Data:
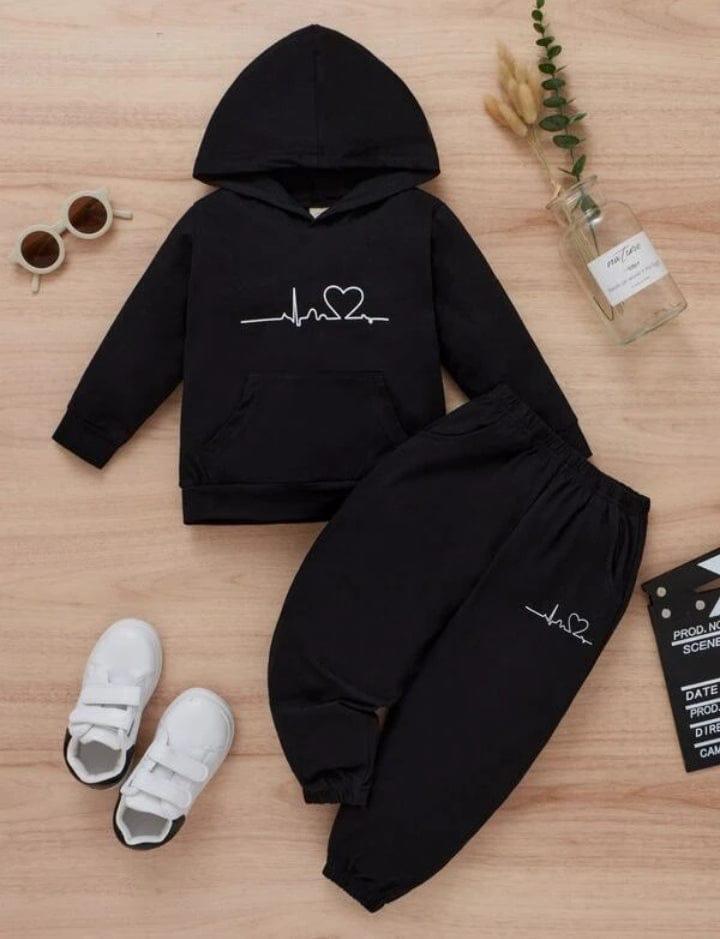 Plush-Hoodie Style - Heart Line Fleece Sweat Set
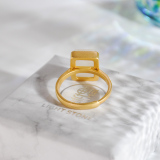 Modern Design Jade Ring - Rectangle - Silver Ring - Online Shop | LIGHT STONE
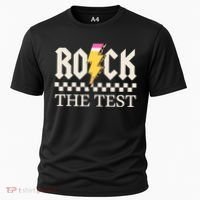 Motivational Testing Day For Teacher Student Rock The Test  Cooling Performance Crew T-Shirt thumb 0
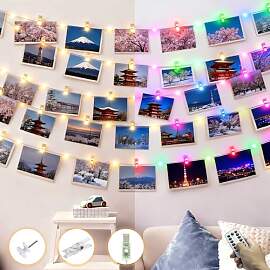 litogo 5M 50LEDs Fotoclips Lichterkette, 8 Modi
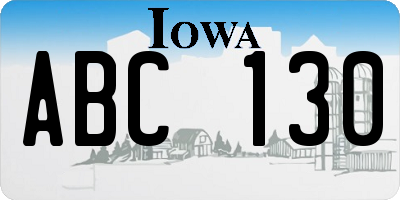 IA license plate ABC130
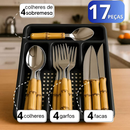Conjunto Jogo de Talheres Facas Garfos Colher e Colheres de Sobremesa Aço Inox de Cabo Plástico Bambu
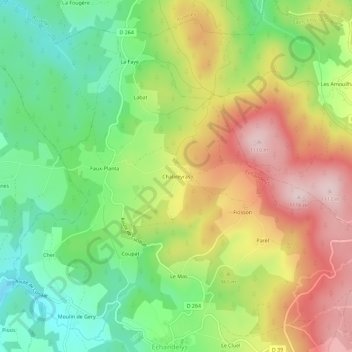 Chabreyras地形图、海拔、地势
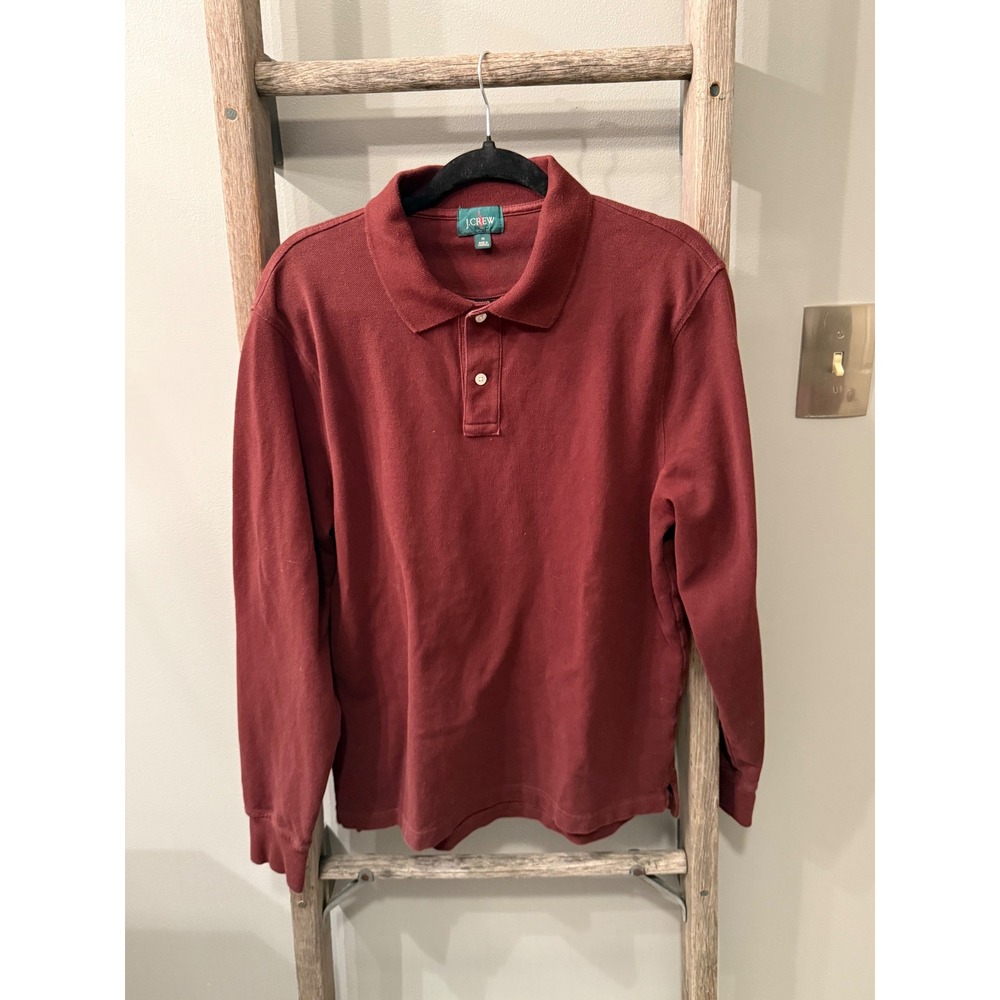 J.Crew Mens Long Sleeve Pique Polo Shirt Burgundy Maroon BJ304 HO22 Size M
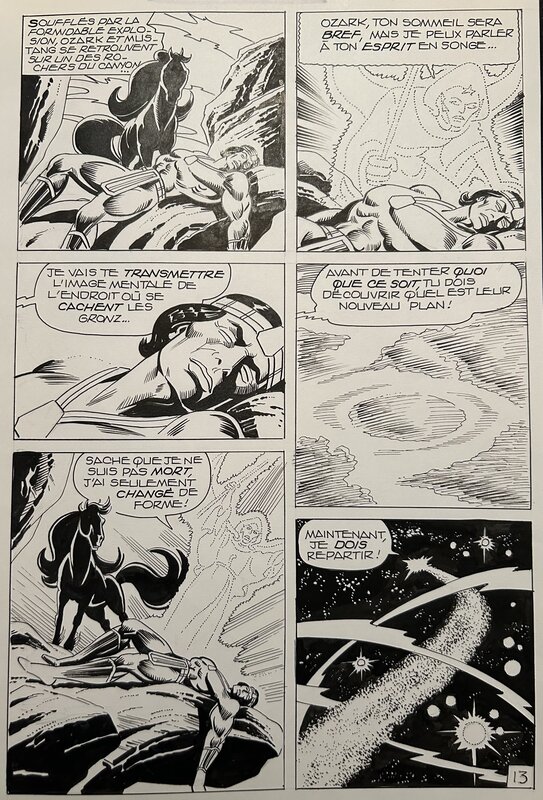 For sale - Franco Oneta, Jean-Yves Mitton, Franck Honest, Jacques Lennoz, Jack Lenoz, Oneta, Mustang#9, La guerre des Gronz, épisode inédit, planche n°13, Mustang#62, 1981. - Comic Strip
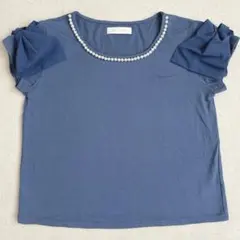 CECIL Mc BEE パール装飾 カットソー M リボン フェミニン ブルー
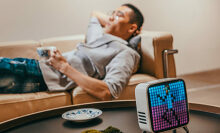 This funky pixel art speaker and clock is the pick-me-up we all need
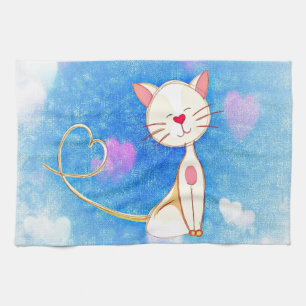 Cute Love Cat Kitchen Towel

The task: Output the listing unchanged, pictures excluded.

Reply to the exercise:
 Plush-Hoodie Style - Heart Line Fleece Sweat Set
 Modern Design Jade Ring - Rectangle - Silver Ring - Online Shop | LIGHT STONE
 Motivational Testing Day For Teacher Student Rock The Test  Cooling Performance Crew T-Shirt thumb 0
 litogo 5M 50LEDs Fotoclips Lichterkette, 8 Modi
 IA license plate ABC130
Conjunto Jogo de Talheres Facas Garfos Colher e Colheres de Sobremesa Aço Inox de Cabo Plástico Bambu
 Chabreyras地形图、海拔、地势
 J.Crew Mens Long Sleeve Pique Polo Shirt Burgundy Maroon BJ304 HO22 Size M
 For sale - Franco Oneta, Jean-Yves Mitton, Franck Honest, Jacques Lennoz, Jack Lenoz, Oneta, Mustang#9, La guerre des Gronz, épisode inédit, planche n°13, Mustang#62, 1981. - Comic Strip
 CECIL Mc BEE パール装飾 カットソー M リボン フェミニン ブルー
 This funky pixel art speaker and clock is the pick-me-up we all need
 Cute Love Cat Kitchen Towel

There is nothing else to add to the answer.